_Try it_: Retype the entries exactly; omit all pictures.

Source records:
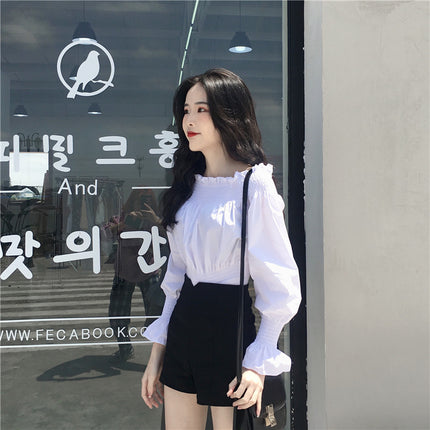 23 high waist casual A- line black slimming leggings chubby girl new wide leg hot pants shorts women's thin autumn clothes 20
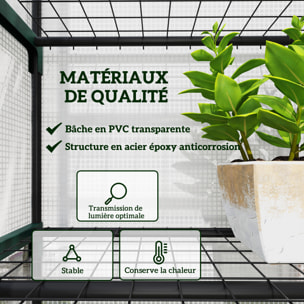 Serre de jardin balcon 5 étagères porte zippée 69 x 49 x 193 cm acier thermolaqué bâche PE blanc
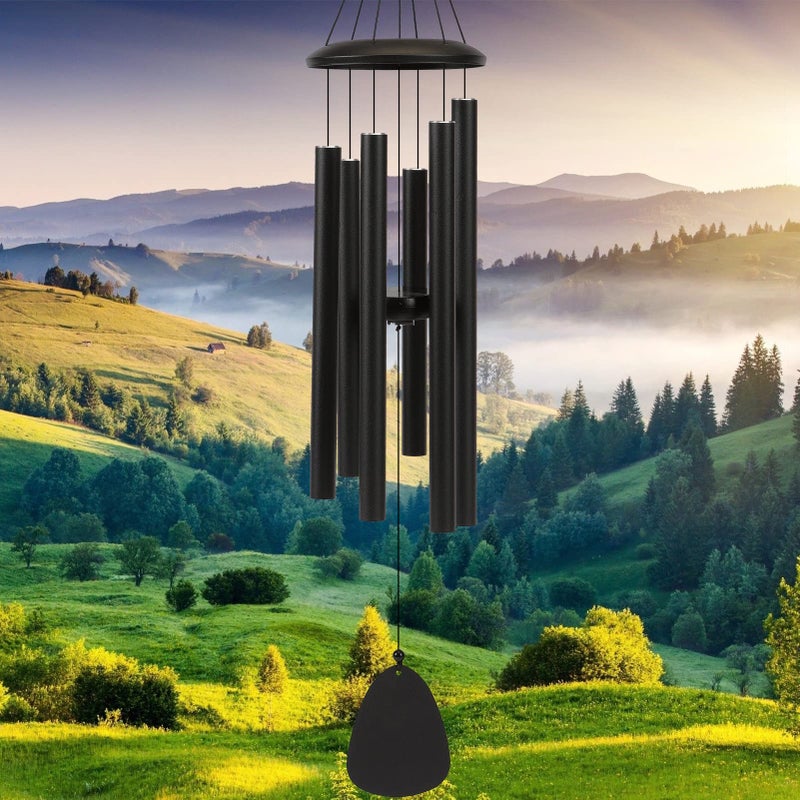 FSVGYY Wind-Chimes-Outdoor-Large-Decor, Deep Tone Soothing Melodic Tones Windchimes, Wind Chimes for Outside, Memorial Wind Chime Best Gift for Mom Women Grandma Neighborsï¼ˆ32" Blackï¼‰ - Image 1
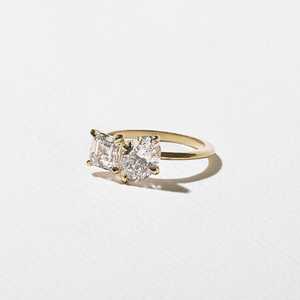 แหวนหมั้น Toi Et Moi ทองคำแท้ 14K 18K รูปไข่ทรง Asscher ประดับเพชรเพาะเลี้ยงสองเม็ด ดีไซน์หรูหราทันสมัยสำหรับเจ้าสาว - Product Image 6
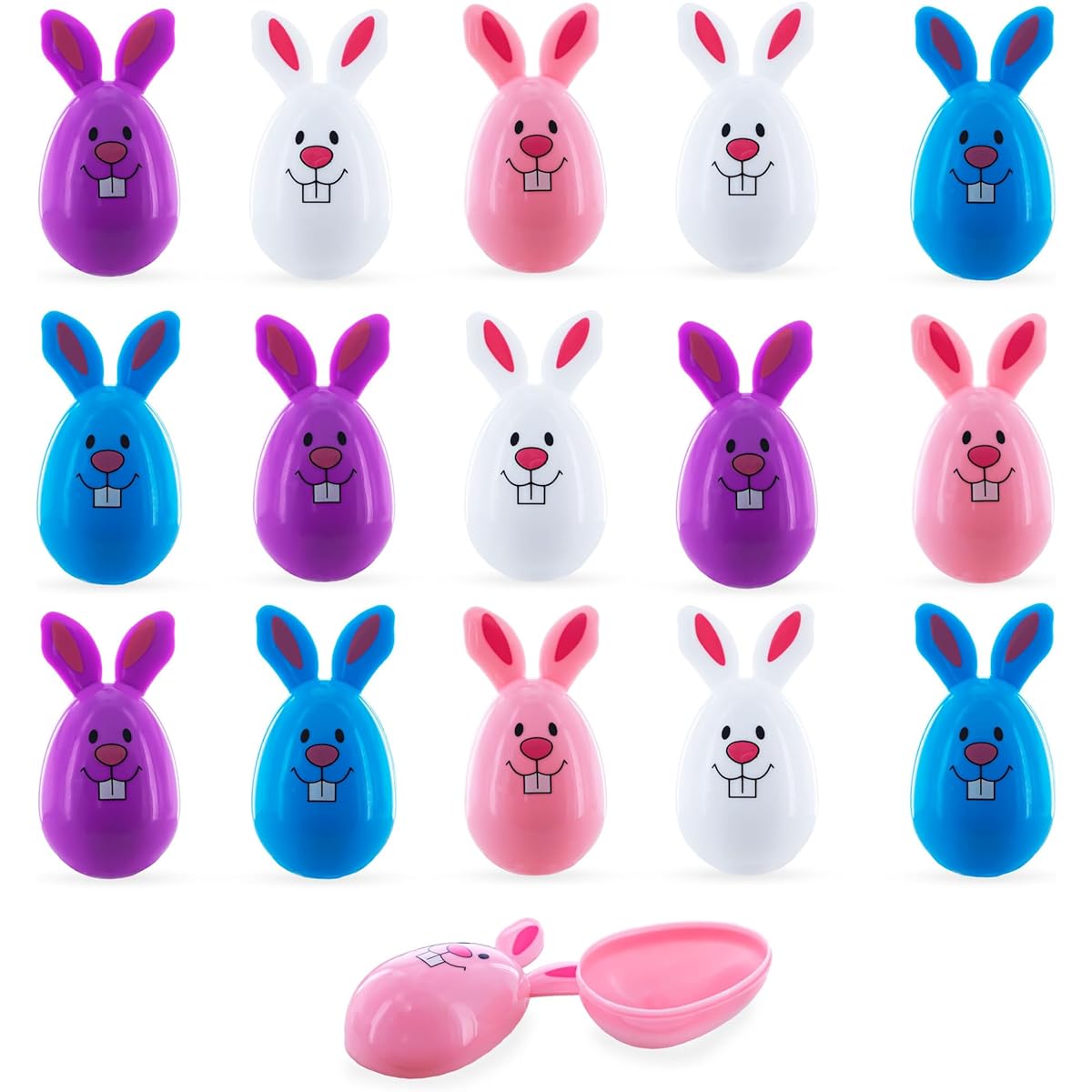 Rabbit Fillable Plastic Easter Eggs Set of 16 3.25"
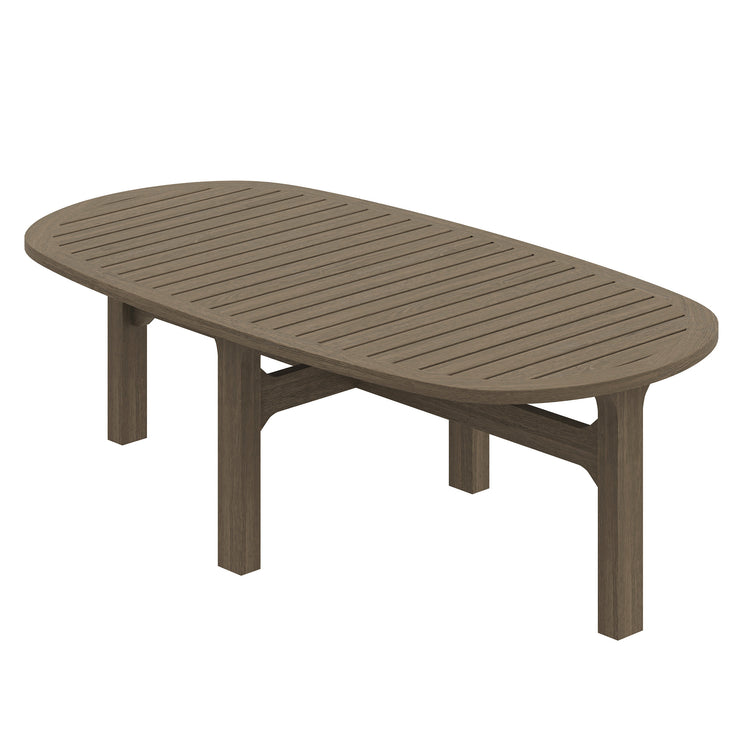 Saratoga Oval Outdoor Patio Teak Wood Coffee Table - Default Title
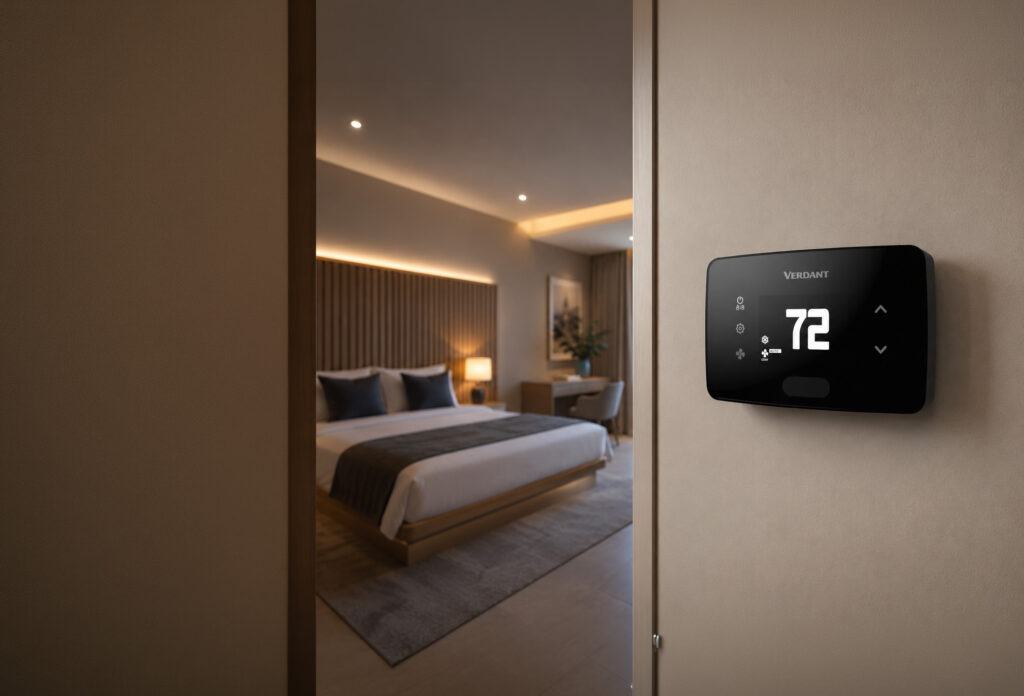 Thermostat connecté installé dans une chambre d’hôtel.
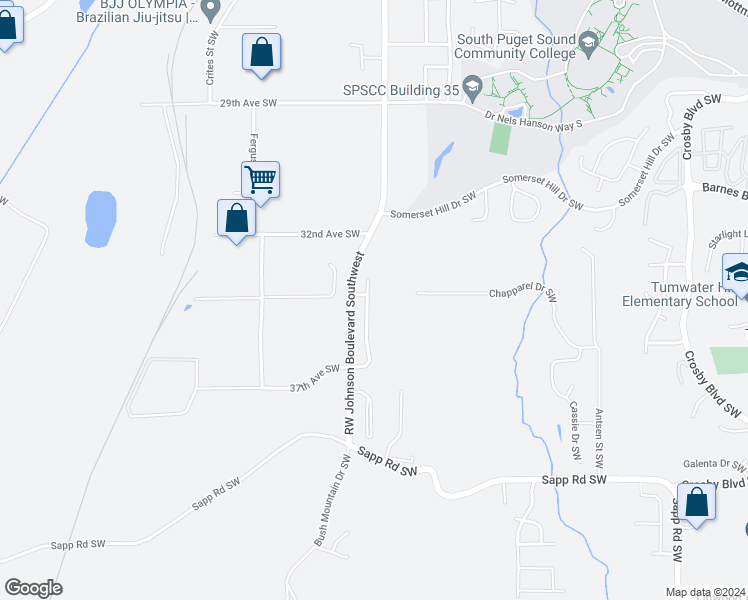 map of restaurants, bars, coffee shops, grocery stores, and more near 3450 Simmons Mill Court Southwest in Tumwater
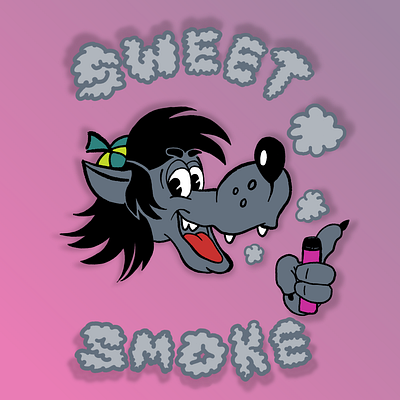 Дизайн стикеров для онлайн-магазина вейп-продукции "Sweet Smoke" design graphic design illustration дизайн стикеров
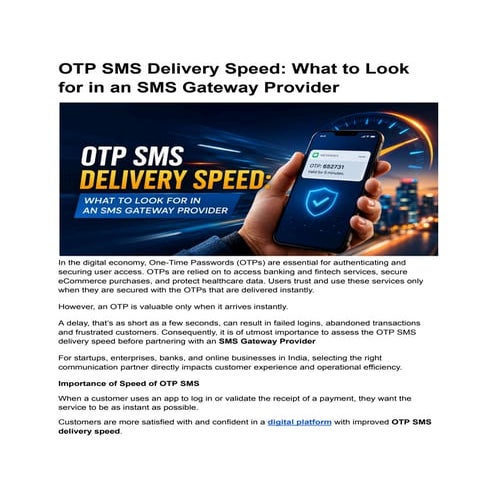 Optimizing OTP SMS Delivery Speed with the Right SMS Gateway Provider | PDF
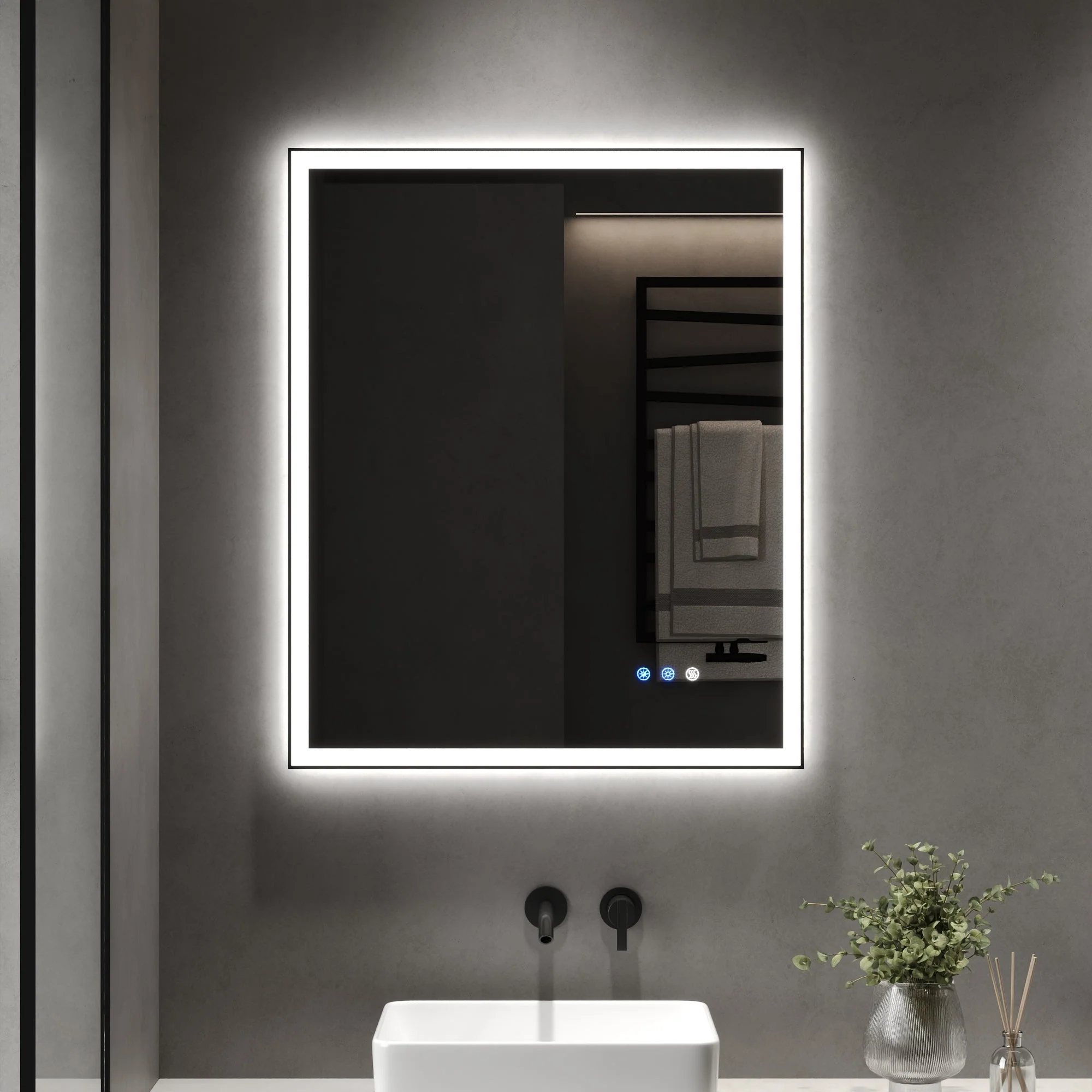DeerValley 40"x 32" / 30"x 36"  LED Bathroom Vanity Mirror, Front and Backlit Matte Black Frame Lighted Vanity Mirrors - Image 19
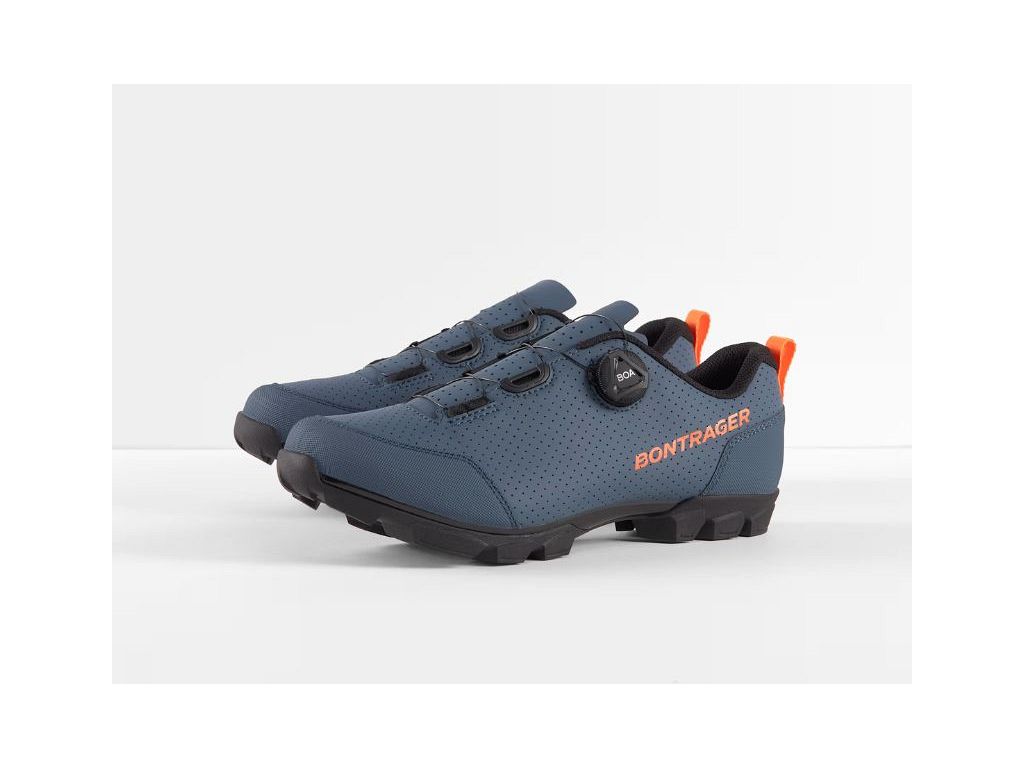 Bontrager Evoke Mountain cykelsko til MTB - Battleship Blue/Radioactive Orange - Kibæk Cykler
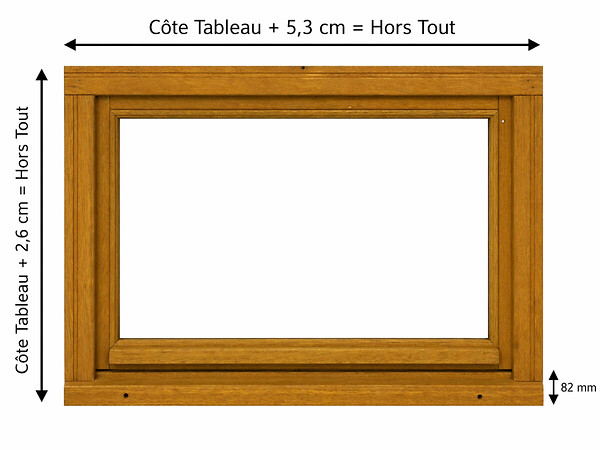 GD MENUISERIES - Chassis Abattant En Bois H60 x L100 Côte Tableau, poignee (ref 010220F9) - large
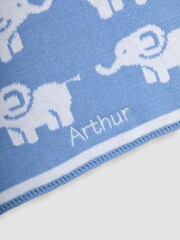 JoJo Maman Bébé Personalised Blue Elephant Knitted Shawl - Image 3 of 3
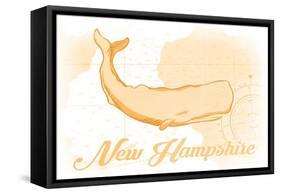 New Hampshire - Whale - Yellow - Coastal Icon-Lantern Press-Framed Stretched Canvas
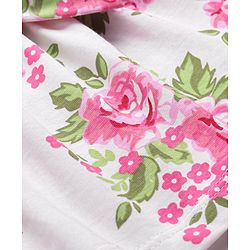Babyhug Preemie Cotton Knit Full Sleeves Frock with Floral Print & Bloomer - White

_Answer area_:
 23 high waist casual A- line black slimming leggings chubby girl new wide leg hot pants shorts women's thin autumn clothes 20
 Serre de jardin balcon 5 étagères porte zippée 69 x 49 x 193 cm acier thermolaqué bâche PE blanc
 FSVGYY Wind-Chimes-Outdoor-Large-Decor, Deep Tone Soothing Melodic Tones Windchimes, Wind Chimes for Outside, Memorial Wind Chime Best Gift for Mom Women Grandma Neighborsï¼ˆ32" Blackï¼‰ - Image 1
 แหวนหมั้น Toi Et Moi ทองคำแท้ 14K 18K รูปไข่ทรง Asscher ประดับเพชรเพาะเลี้ยงสองเม็ด ดีไซน์หรูหราทันสมัยสำหรับเจ้าสาว - Product Image 6
 Rabbit Fillable Plastic Easter Eggs Set of 16 3.25"
 Saratoga Oval Outdoor Patio Teak Wood Coffee Table - Default Title
 Thermostat connecté installé dans une chambre d’hôtel.
 map of restaurants, bars, coffee shops, grocery stores, and more near 3450 Simmons Mill Court Southwest in Tumwater
 Дизайн стикеров для онлайн-магазина вейп-продукции "Sweet Smoke" design graphic design illustration дизайн стикеров
 Optimizing OTP SMS Delivery Speed with the Right SMS Gateway Provider | PDF
DeerValley 40"x 32" / 30"x 36"  LED Bathroom Vanity Mirror, Front and Backlit Matte Black Frame Lighted Vanity Mirrors - Image 19
 Bontrager Evoke Mountain cykelsko til MTB - Battleship Blue/Radioactive Orange - Kibæk Cykler
 GD MENUISERIES - Chassis Abattant En Bois H60 x L100 Côte Tableau, poignee (ref 010220F9) - large
 JoJo Maman Bébé Personalised Blue Elephant Knitted Shawl - Image 3 of 3
 New Hampshire - Whale - Yellow - Coastal Icon-Lantern Press-Framed Stretched Canvas
Babyhug Preemie Cotton Knit Full Sleeves Frock with Floral Print & Bloomer - White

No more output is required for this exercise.